People pick up historical fiction because they’re fascinated by a certain time period or because they want to be totally absorbed in another world. It’s a nice alternative to fantasy for those who enjoy the world-building but have a hard time getting into a completely imaginary realm (like me!). Here’s more on world-building from a science fiction and fantasy perspective: World Building Basics. If you’re interested in writing historical fiction, but aren’t sure where to start, here are some tips on where to begin.
Decide What Kind of History You Want to Tell
Historical fiction is a broad category that ranges from extremely accurate descriptions of the past with only the unknowable dialogue made up to wild reimaginings that loosely resemble events that actually happened. As a writer of fiction, you can choose what you want to write! However, your requirements as an amateur historian will vary.
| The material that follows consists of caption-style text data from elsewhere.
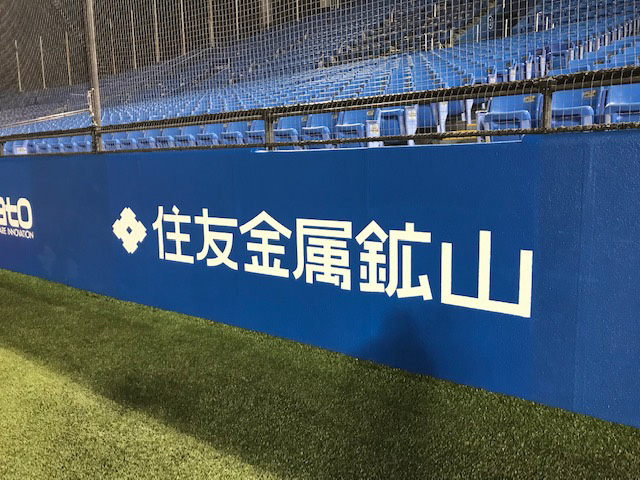 屋外広告:明治神宮球場三塁側内野席フェンス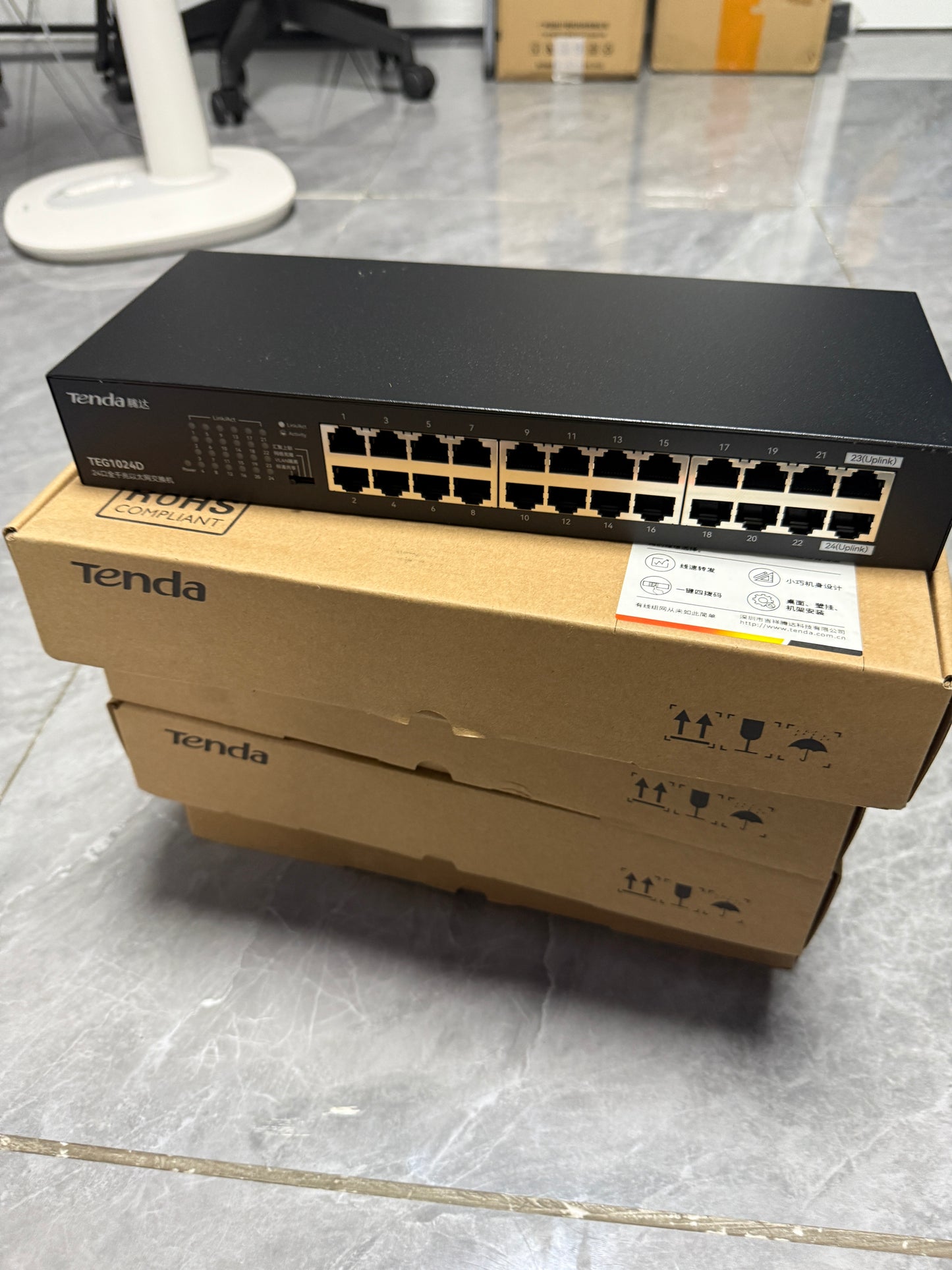 全新22口1000兆交换机，可以连接21台电脑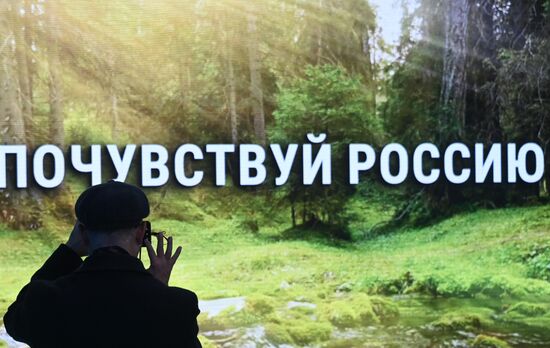 Работа выставки "Россия"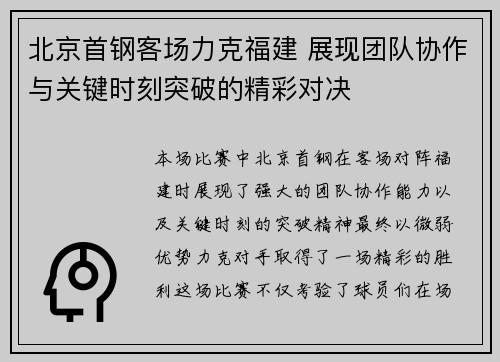 北京首钢客场力克福建 展现团队协作与关键时刻突破的精彩对决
The type of fiction that will demand the most time in the library is a fictionalized true story. Here, accuracy will count. People will expect that you will chronicle the way people dressed, the foods they ate, the way they spoke, as well as a chronology of what happened and when. A good example of this type of historical fiction is Man Booker Prize award winner Hilary Mantel’s Wolf Hall series. In this trilogy, she explores the rise and fall of Thomas Cromwell, King Henry VIII’s advisor. I’m in the middle of her the third book, The Mirror and the Light (2020). It’s prompted me to look up the “real” history, and it’s exacting. Mantel clearly did her homework.
True, but with Creative License
All authors of historical fiction take creative license. Even those who do a deep dive into the real history cannot know what was in anyone’s head, nor can they be sure of the details of conversations. They have to make up that part. However, some writers want to push the boundaries of what is knowable by making up the unknown parts of a true story. One of my favorite examples of this is Christopher Moore’s comedic novel, Lamb, which is about Jesus’ childhood. It’s well known that the “middle years” of Jesus’ life is not detailed in the Bible, so Moore makes it up entirely.
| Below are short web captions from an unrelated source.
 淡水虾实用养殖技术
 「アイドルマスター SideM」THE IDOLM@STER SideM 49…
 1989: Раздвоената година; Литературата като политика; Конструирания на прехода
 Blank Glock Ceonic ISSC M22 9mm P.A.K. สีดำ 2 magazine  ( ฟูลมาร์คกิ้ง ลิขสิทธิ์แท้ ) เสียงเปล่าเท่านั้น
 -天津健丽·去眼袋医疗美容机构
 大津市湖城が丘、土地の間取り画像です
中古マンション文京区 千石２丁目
Another option is to use history as a mere backdrop to a fictionalized account of an imaginary protagonist’s life. The penultimate example of this is the movie Forrest Gump. Forrest is a made-up character whose challenges and budding romance occur in the runup to and during/after the Vietnam War. Forrest never existed, but the audience is treated to the dress, mores, and conflict of the time. Note that if you go down this route, you’ll want to understand an era from the 10,000-foot level while also realizing you must create a narrative arc for your protagonist. Mantel follows the story of Cromwell as it happened. The writers of Forrest Gump had to make up the heart of the story.
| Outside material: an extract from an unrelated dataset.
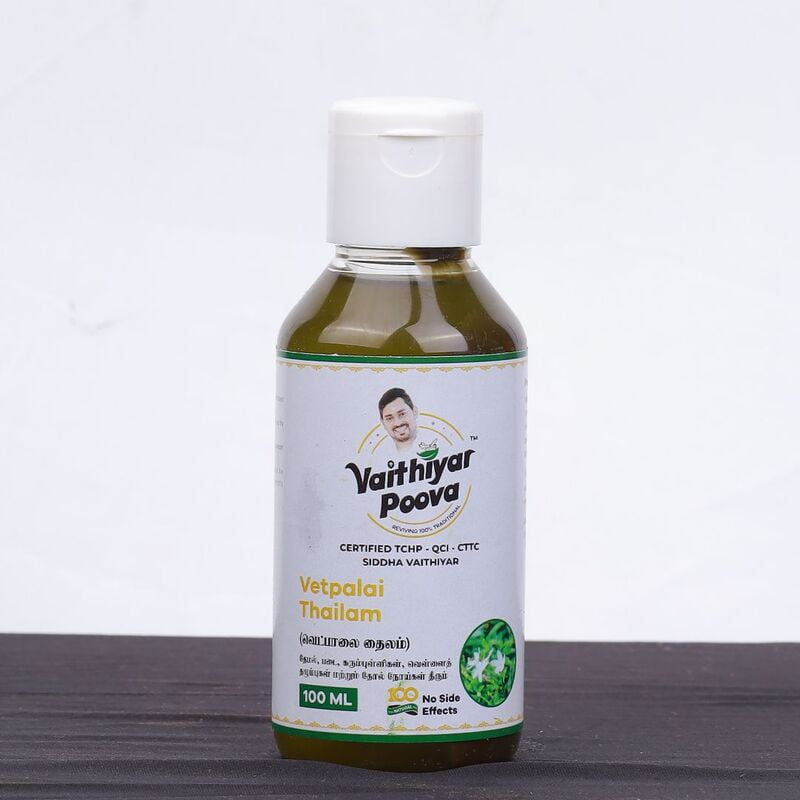 வெட்பாலை தைலம் 100 ml வெட்பாலை தைலம் 100 ml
Historical Fiction Inspired by Real Events
This is the type of historical fiction that can vary from taking only loose threads of real life to mirroring historical facts. Lots of crime stories were inspired by real events, even though they are careful to not plagiarize a living person’s real life. A great example of this type of fiction is Quentin Taratino’s 2019 movie, Once Upon a Time in Hollywood. It’s set against the horrific Manson-family murders, but it follows Leo DiCaprio and Brad Pitt’s characters, who are totally made up. And, it famously gives an alternate ending to the tragedy that unfolded back in 1969. This is an option for you too.
Rules of Fiction Still Apply
No matter how you intend to use history in your fiction, be sure to do your research. A mix of primary (like newspaper articles, diary entries, etc) and secondary sources (like history books) will add to the flavor of the era, which is what readers want. Beyond that, however, you’ll still need a story arc and plot in order to make it work as fiction. Readers will need to be gripped by an overarching question that your story seeks to answer. Will Forrest overcome his disabilities, live an independent life, and get the girl? It’s easy to get lost in the fascinating details of history, but those easy-to-understand story questions are what make for page-turners.